III/ Les influences artistiques

A/ Des influences subies...

La peinture

La peinture romantique se caractérise par son goût pour la dramatisation.
Les peintres n'hésitent plus à montrer la réalité aussi violente qu'elle puisse être. Les contrastes, la lumière et l'intensité des couleurs sont privilégiés à la place de la forme et du sujet qui étaient autrefois mis en valeur. Cet amour pour l'intensité des couleurs, nait du goût prononcé des romantiques pour l'exotisme. Les oeuvres deviennent plus libérées, quelque peu voyeuristes et des nus qui expriment la sensualité, voire la sexualité apparaissent.
La peinture romantique marque une totale rupture avec le classicisme. Les thèmes changent et la vision du monde évolue, on se libère, on ose enfin montrer la réalité, qu'elle soit brutale et violente, ou au contraire, sensuelle et libertine.
Les figures de proue de la peinture romantique sont Géricault (1791-1824), Delacroix (1798-1863) , Caspar David Friedrich (1774-1840) en Allemagne et bien d'autres encore.

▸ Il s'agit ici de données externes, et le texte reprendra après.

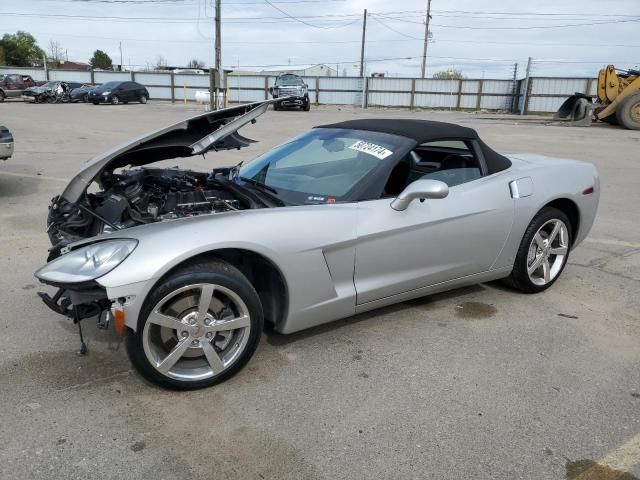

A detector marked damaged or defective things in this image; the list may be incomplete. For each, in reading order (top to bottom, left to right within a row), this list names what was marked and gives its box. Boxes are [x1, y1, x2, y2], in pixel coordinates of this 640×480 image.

cracked headlight [36, 238, 138, 284]
damaged front end [35, 101, 274, 350]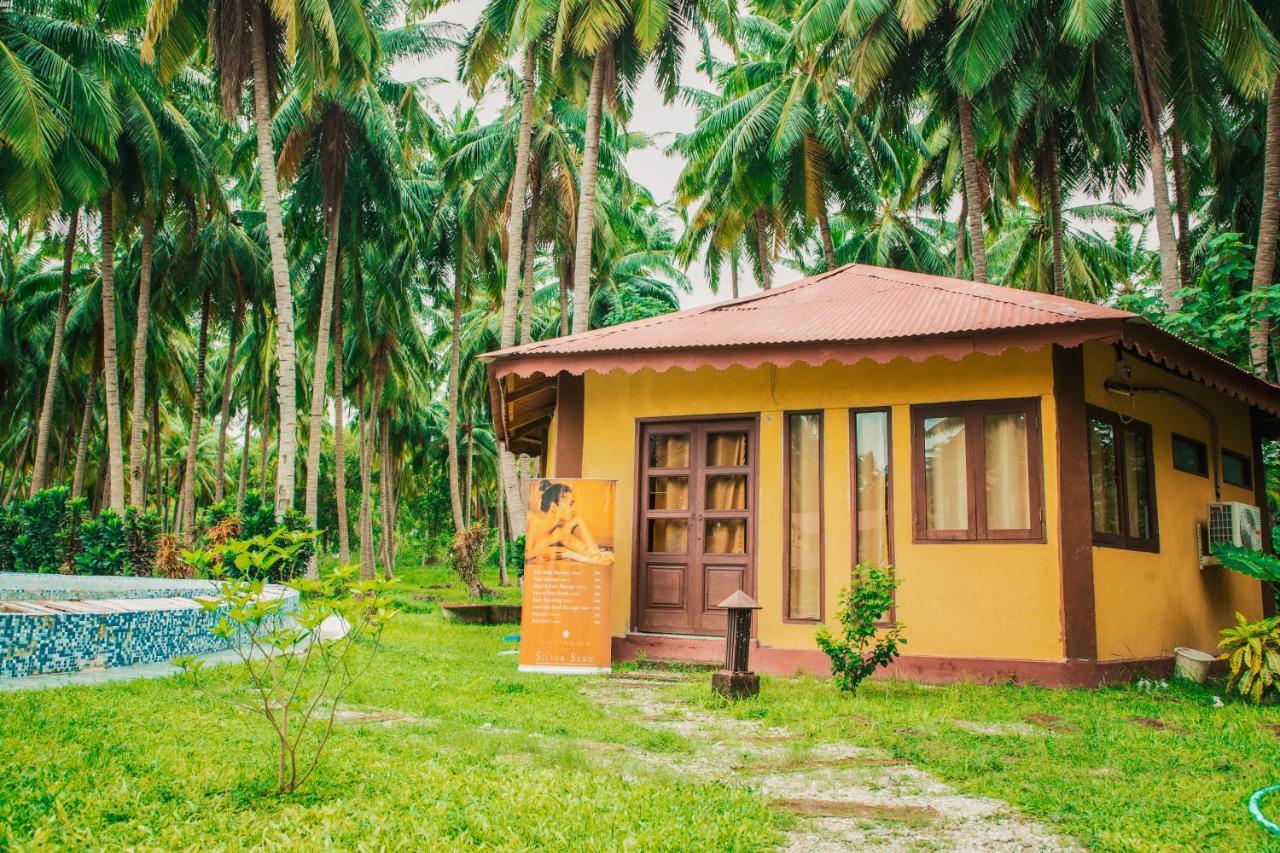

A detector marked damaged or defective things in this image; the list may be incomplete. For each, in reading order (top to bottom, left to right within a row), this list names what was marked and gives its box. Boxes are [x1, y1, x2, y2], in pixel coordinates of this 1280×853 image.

rusty corrugated roof [482, 266, 1128, 360]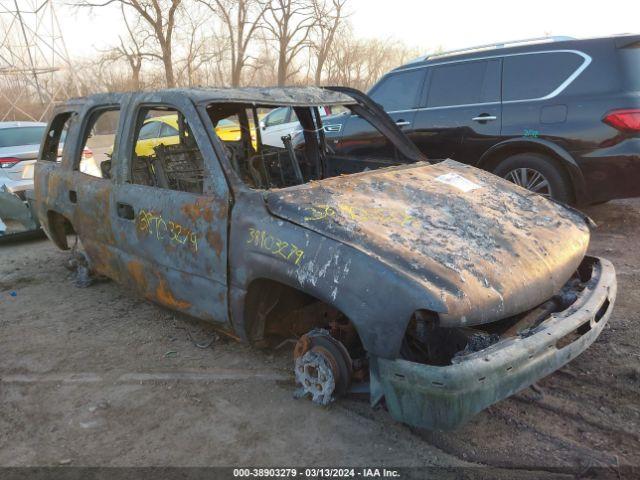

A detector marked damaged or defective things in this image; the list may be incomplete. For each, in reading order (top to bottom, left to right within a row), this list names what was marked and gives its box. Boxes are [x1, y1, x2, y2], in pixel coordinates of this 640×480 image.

Ainsi, nous allons étudier dans un premier temps l'influence qu'a eu Delacroix sur Hugo. En effet, dans son tableau La Liberté guidant le peuple(1830), Eugène Delacroix représente une des journées d'émeutes de 1830. Victor Hugo s'en inspire lorsqu'il représente la barricade de la rue de la Chanvrerie dans son roman Les Misérables (1862).
Il s'agit d'une oeuvre pleine de vitalité, d'action et d'audace. C'est un tableau imposant puisqu'il mesure 3.25 mètres sur 2,60 mètres; il représente l'union de toutes les catégories sociales de l'époque, du peuple à la bourgeoisie.
Le jeune garçon qui brandit un pistolet dans les airs a inspiré à Victor Hugo son personnage Gavroche dans Les Misérables trente-deux ans plus tard. Le personnage au chapeau présent sur le tableau devient dans l'oeuvre de Hugo, un ami révolutionnaire de Gavroche et de Jean Valjean. Il est interessant de noter que c'est l'un des rares emprunts de la littérature à la peinture dont la relation d'influence se fait généralement dans l'autre sens.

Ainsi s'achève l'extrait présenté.